Er zijn bij het zweefvliegen drie systemen aanwezig om te voorkomen dat een zweefvliegtuig aan de lierkabel vast blijft zitten, met alle noodlottige gevolgen tot gevolg:
- Het ontkoppelmechaniek van het zweefvliegtuig is zo ontworpen dat de kabel gekoppeld blijft tot een bepaalde hoek. Als deze hoek wordt overschreden, zal het ontkoppelmechanisme de haak automatisch lossen.
- Als de piloot niet ontkoppelt en mocht de haak (ondanks het overschrijden van de maximale hoek) niet automatisch ontkoppeld worden, dan komt de lierkabel onder een dermate hoge spanning te staan, dat het breukstukje in de lierkabel de grens overschrijdt en de kabel als nog losbreekt van het zweefvliegtuig. Er zijn meerdere kleuren breukstukjes, elke kleur heeft zijn eigen breuksterkte.

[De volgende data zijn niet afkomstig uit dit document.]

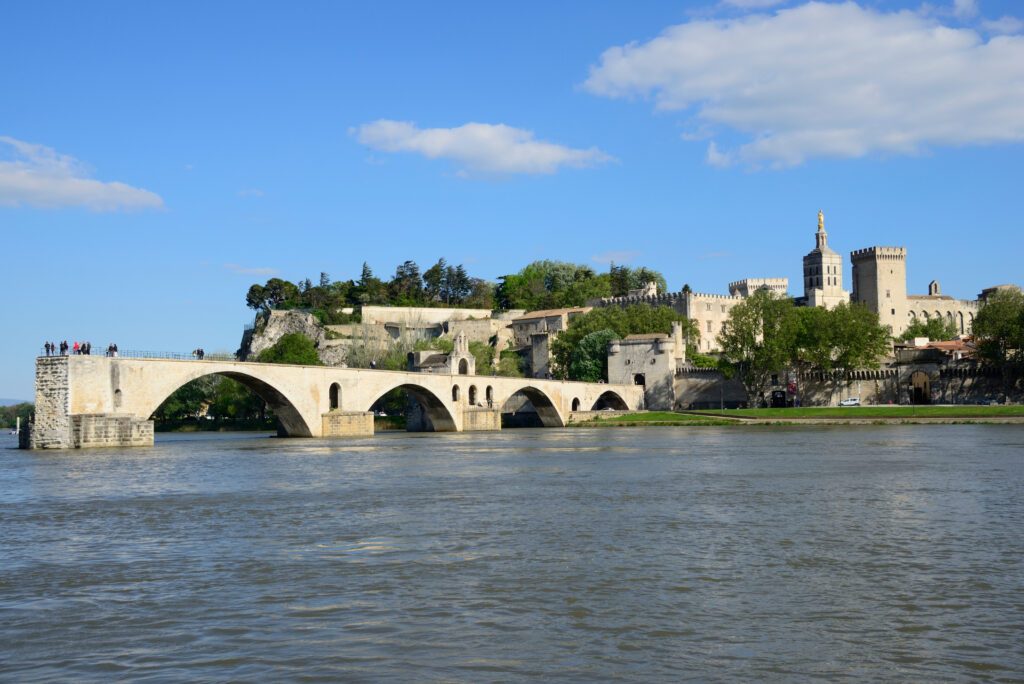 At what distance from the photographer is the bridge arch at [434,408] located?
7112cm

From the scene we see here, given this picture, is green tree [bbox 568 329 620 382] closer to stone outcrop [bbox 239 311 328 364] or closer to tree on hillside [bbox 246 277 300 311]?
stone outcrop [bbox 239 311 328 364]

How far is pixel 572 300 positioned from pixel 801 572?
112 metres

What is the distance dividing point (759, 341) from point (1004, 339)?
18772mm

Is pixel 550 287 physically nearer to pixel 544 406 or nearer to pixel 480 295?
pixel 480 295

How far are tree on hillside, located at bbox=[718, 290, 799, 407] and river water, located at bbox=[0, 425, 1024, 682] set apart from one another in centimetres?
5347

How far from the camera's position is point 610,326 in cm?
10100

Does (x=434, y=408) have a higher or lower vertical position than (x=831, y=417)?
higher

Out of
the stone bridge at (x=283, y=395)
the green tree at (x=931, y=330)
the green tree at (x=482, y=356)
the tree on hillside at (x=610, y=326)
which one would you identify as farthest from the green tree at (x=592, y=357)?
the green tree at (x=931, y=330)

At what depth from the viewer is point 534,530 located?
759 inches

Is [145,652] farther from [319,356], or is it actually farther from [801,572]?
[319,356]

Elk type zweefvliegtuig heeft een eigen kleur nodig, afhankelijk van het trekgewicht.
- Als ook het breukstukje weigert, dan zal de lierbediener de kabel doorknippen. Dit gebeurt middels een kabelmes en dient als allerlaatste redmiddel, aangezien de kabel nog aan het zweefvliegtuig vast zit.